#### Records for processing

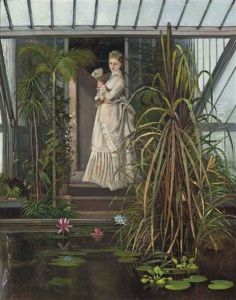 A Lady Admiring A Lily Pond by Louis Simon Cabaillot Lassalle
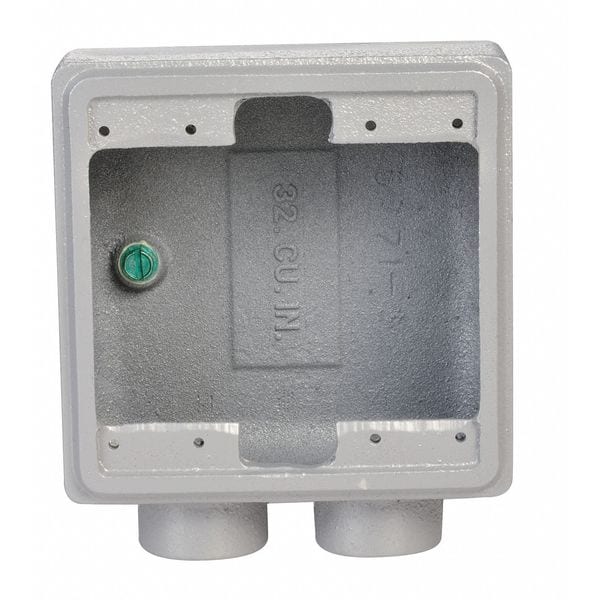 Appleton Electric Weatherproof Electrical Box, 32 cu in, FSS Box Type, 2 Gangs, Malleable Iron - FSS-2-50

########
#### Records for processing

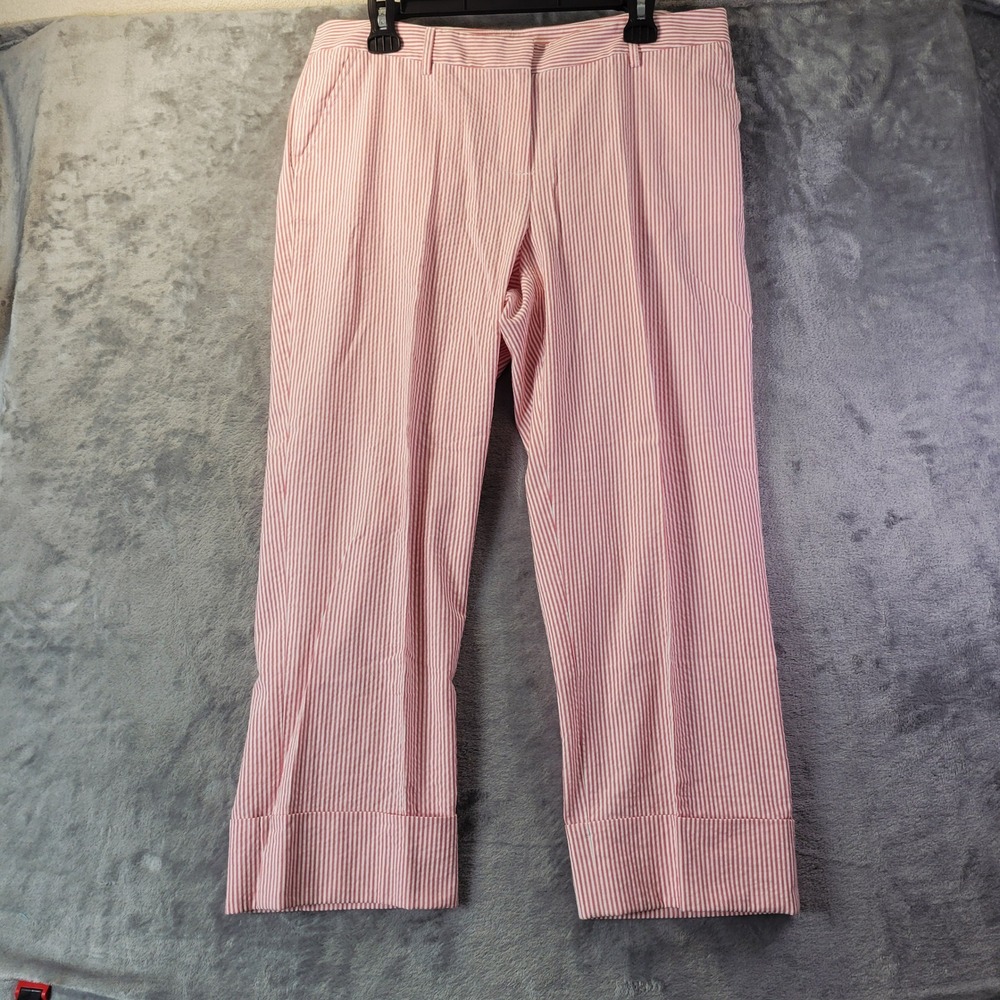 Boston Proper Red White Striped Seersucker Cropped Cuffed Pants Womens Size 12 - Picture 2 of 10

########

§ **Work instructions**
Nothing but the lines from the one with "A Lady Admiring" to the one with "Appleton Electric Weatherproof" above, both included, should be transcribed, exactly and without pictures.

§ **Task output**
 A Lady Admiring A Lily Pond by Louis Simon Cabaillot Lassalle
 Appleton Electric Weatherproof Electrical Box, 32 cu in, FSS Box Type, 2 Gangs, Malleable Iron - FSS-2-50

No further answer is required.